The editor of the New York Times has admitted to changing critical aspects of a report on Joe Biden’s sexual assault allegations simply because the Biden campaign complained.
According to The Washington Free Beacon:
The New York Times edited a controversial passage in an article about a sexual assault allegation against former vice president Joe Biden after his campaign complained, the paper’s executive editor said Monday.
Dean Baquet, in an interview with Times media columnist Ben Smith, explained why edits were made to the following sentence, which appeared as follows in the print edition of the paper, on page A20: “The Times found no pattern of sexual misconduct by Mr.
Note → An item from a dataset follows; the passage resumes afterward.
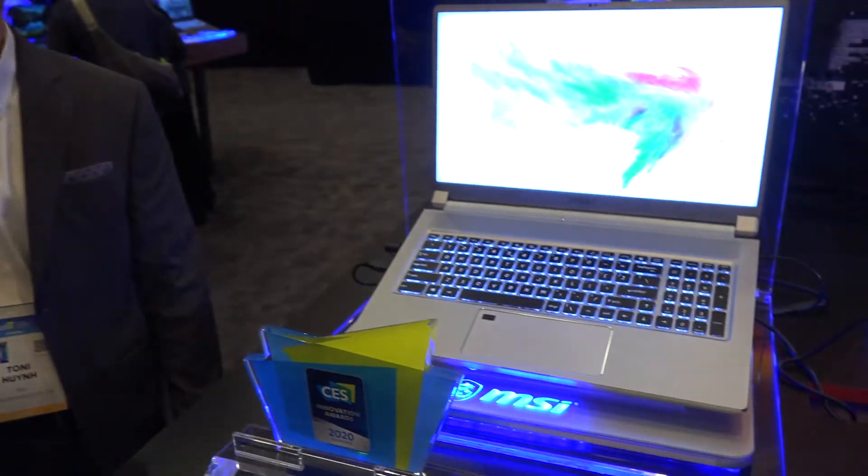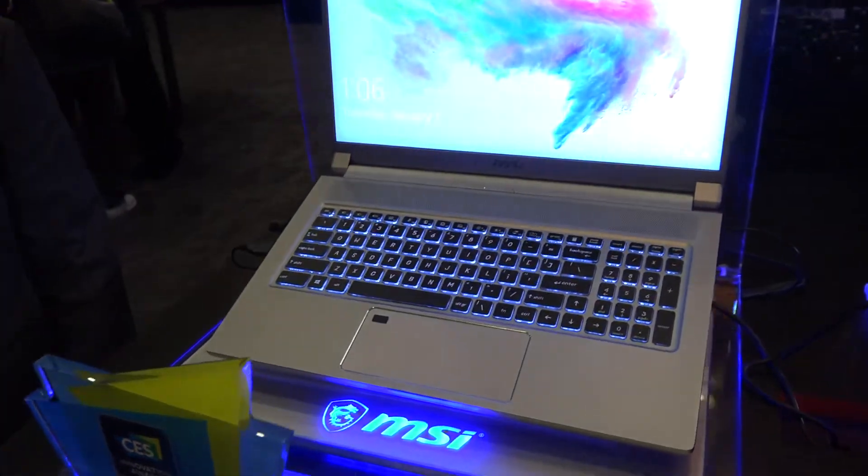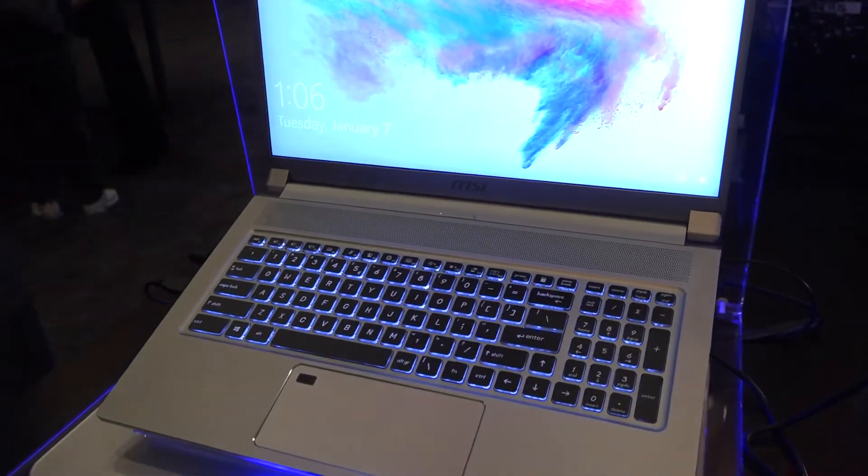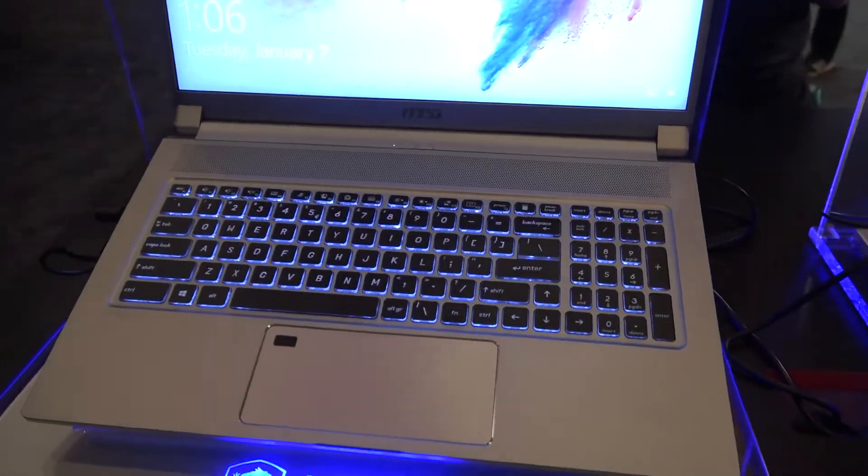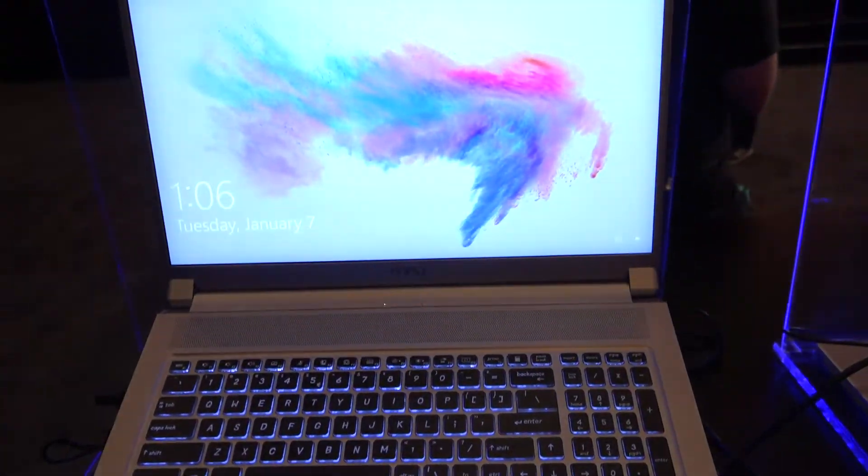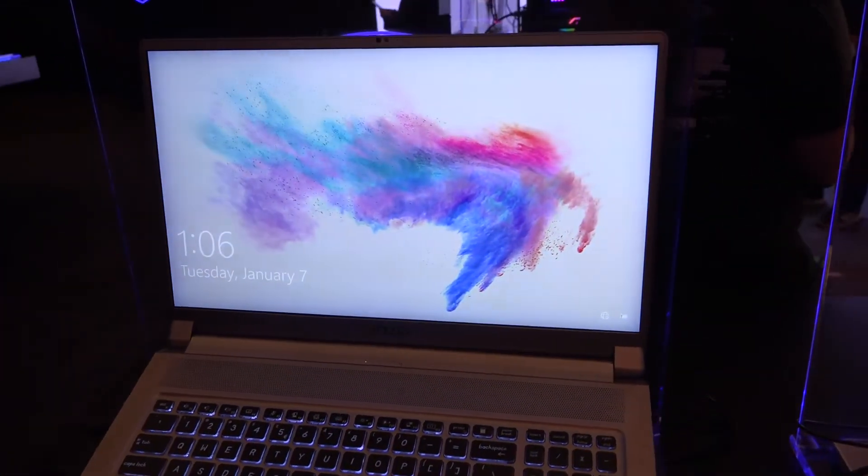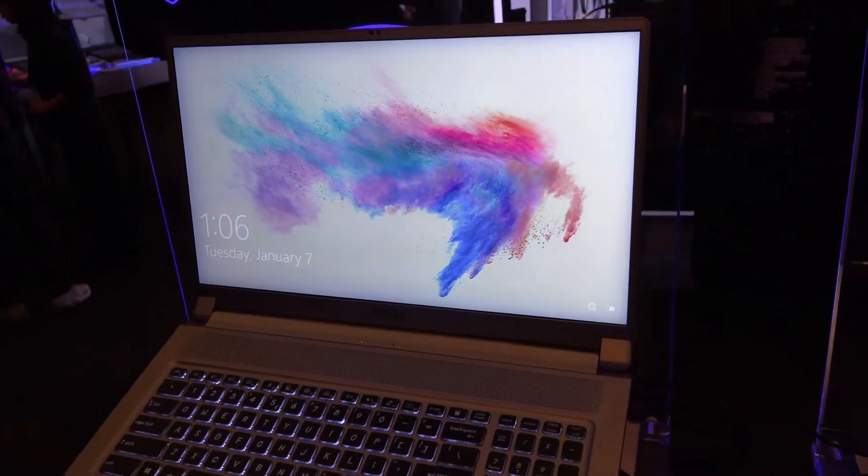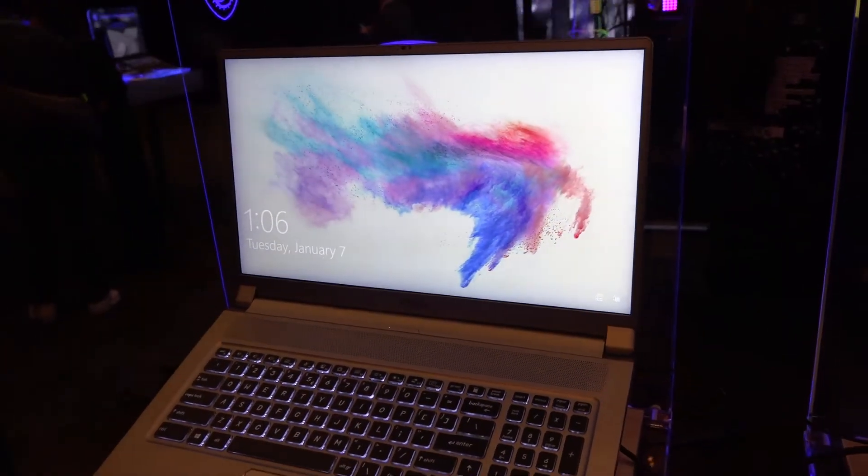MSI is known for gaming, but this is more of a content creation series of laptops. This is more for artists, concept artists, and enterprise level. This is the Creative 17 mini LED.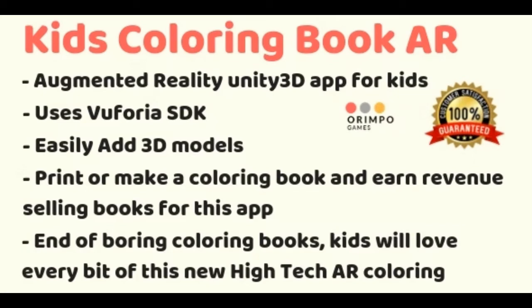Hi, this is Niaz Mohamed. Today we are going to talk about how to prepare your 3D models to be used for your kids coloring app and how to add this model to the project in Unity 3D. Okay, so let's get started.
Biden, beyond the hugs, kisses and touching that women previously said made them uncomfortable.”
Baquet said the Times decided to delete the second half of the sentence, without explanation in the form of an editor’s note, because “the [Biden] campaign thought that the phrasing was awkward and made it look like there were other instances in which he had been accused of sexual misconduct.”
Smith asked a number of questions challenging Baquet to defend the Times‘s excessively cautious approach to reporting the sexual assault allegation against Biden—first made public by a former staffer, Tara Reade, on March 25—in light of the paper’s decidedly more aggressive approach to publishing similar allegations against Supreme Court Justice Brett Kavanaugh.
The editor said that reporting on matters like these are “very subjective” essentially stating that it is ok to report on allegation differently depending on who they are made against.